Une question fondamentale se pose ici : pourquoi sommes-nous aussi sensibles émotionnellement lorsque nous avons des intérêts personnels envers les événements qui se produisent et aussi froids et insensibles lorsqu’il s’agit des problèmes qui concernent les intérêts des autres ? Prenons l’exemple de la conduite automobile. Lorsque vous êtes pressé et que les autres roulent lentement, vous devenez impatient et agressif envers eux, en les blâmant d’être responsables de vous retarder dans vos projets du moment.

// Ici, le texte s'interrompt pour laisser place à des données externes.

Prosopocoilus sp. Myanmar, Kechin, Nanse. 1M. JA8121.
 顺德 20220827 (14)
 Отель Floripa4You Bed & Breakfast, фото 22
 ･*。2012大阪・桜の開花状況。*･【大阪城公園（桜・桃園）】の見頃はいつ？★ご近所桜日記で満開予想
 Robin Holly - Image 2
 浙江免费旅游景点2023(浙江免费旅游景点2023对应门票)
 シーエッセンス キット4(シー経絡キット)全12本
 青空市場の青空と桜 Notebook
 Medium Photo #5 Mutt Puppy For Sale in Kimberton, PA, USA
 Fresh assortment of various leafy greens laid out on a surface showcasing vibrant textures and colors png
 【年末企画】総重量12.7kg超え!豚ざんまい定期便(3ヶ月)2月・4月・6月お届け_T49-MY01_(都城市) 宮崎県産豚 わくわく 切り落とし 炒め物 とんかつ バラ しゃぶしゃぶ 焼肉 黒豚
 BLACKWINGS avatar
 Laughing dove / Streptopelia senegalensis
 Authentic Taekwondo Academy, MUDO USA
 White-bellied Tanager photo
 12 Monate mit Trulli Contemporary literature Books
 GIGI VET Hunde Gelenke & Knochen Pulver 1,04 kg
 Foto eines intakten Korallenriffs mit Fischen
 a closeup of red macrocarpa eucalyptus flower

Si, au contraire, vous décidez de rouler lentement et de profiter du paysage et qu’une voiture arrive en trombe derrière vous et vous fait sentir en vous suivant de près que vous devriez accélérer, vous traitez son conducteur de fou furieux et d’irresponsable. Jamais vous ne dites de ceux qui roulent lentement devant vous qu’ils sont chanceux de pouvoir profiter de la vie, en faisant tout pour éviter de les stresser inutilement pour qu’ils pussent bénéficier de ces bons moments qu’ils ont décidé de s’offrir. De la même manière, lorsque vous voyez un automobiliste arriver rapidement derrière vous, vous ne vous dites pas : “ Il doit être vraiment pressé pour aller aussi vite. Peut-être a-t-il une urgence ? Je vais me déplacer afin de lui donner une chance ”. Voici un autre exemple. Pourquoi les familles israéliennes qui voient un des leurs tué par des Palestiniens sont-elles aussi tristes et deviennent elles rapidement violentes et dénuées de compassion envers “ l’ennemi ” en voulant venger leur souffrance et leur infliger le même sort qu’elles ont-elles-mêmes vécu ? Quel est donc ce processus qui transforme un être souffrant en un être infâme prêt à tout pour venger sa douleur intérieure, sans aucune considération pour les sentiments d’autrui ? Ce processus, c’est ce septième bogue du cerveau humain, celui qui transforme un honnête citoyen en une véritable machine à tuer, celui qui remplace l’être sensible et compatissant pour ses proches en un être insensible et dépourvu d’humanité envers ceux qui sont loin de lui et qu’il ne connaît pas. Ce bogue qui change le regard plein d’amour pour un proche en un regard plein de haine pour celui qui est différent de soi.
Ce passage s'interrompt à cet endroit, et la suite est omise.